## [Work item]
The reply should hold only the lines below beginning at the one with "AGATE WITH DZI CARVED NECKLACE" and ending at the one with "2BR Condo With Private Balcony - Padel Court", copied exactly, with every picture left out.

## [Given records]
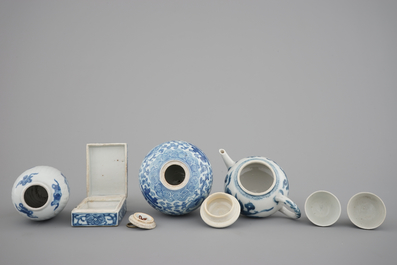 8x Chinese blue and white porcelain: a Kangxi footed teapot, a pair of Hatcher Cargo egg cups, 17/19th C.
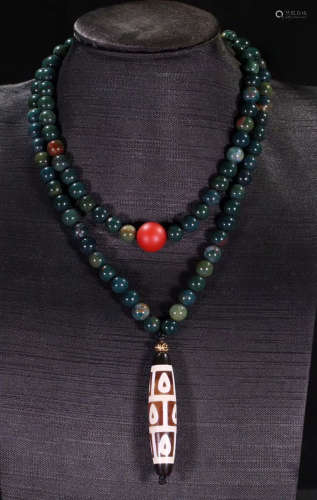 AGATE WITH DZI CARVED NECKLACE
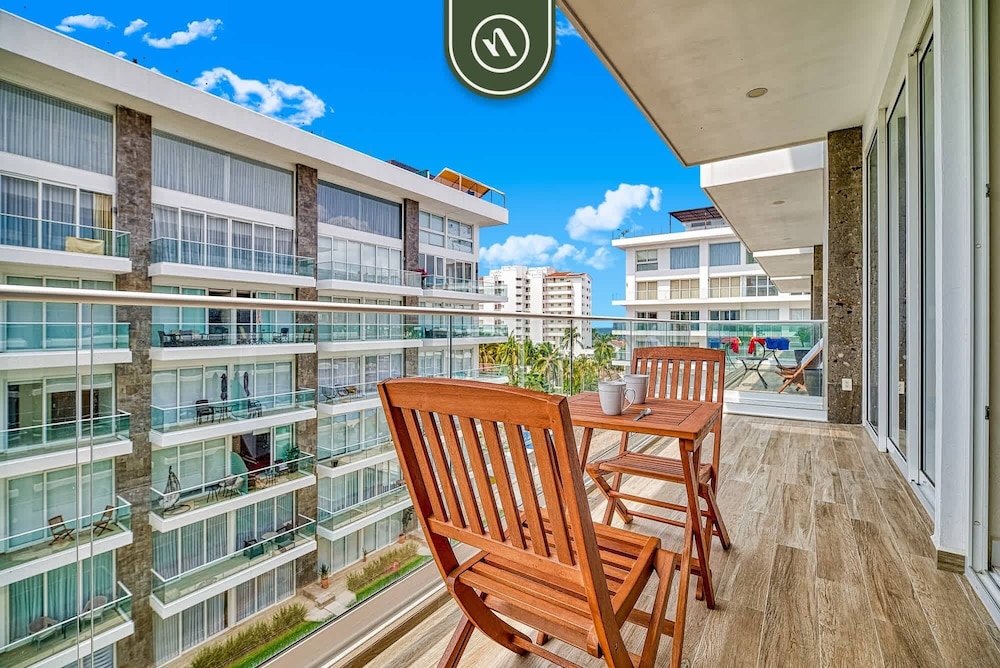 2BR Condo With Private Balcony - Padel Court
---
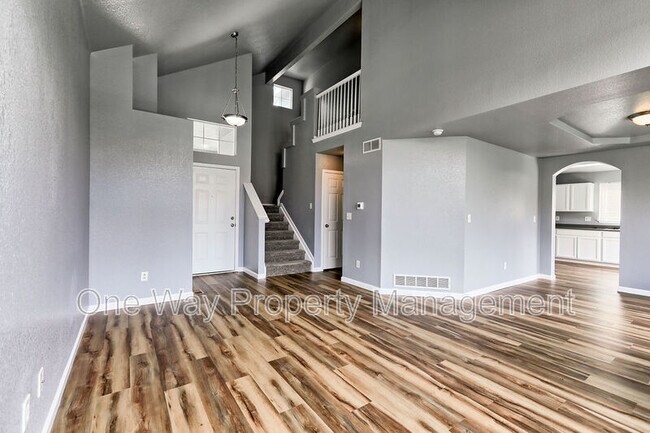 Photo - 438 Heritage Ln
--
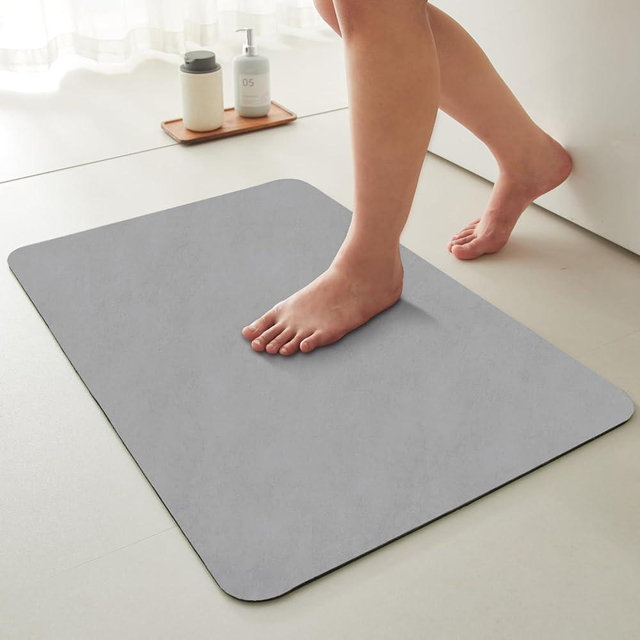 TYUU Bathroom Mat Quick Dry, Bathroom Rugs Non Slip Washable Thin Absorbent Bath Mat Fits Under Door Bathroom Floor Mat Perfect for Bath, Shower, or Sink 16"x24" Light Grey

## [Output of the task]
 AGATE WITH DZI CARVED NECKLACE
 2BR Condo With Private Balcony - Padel Court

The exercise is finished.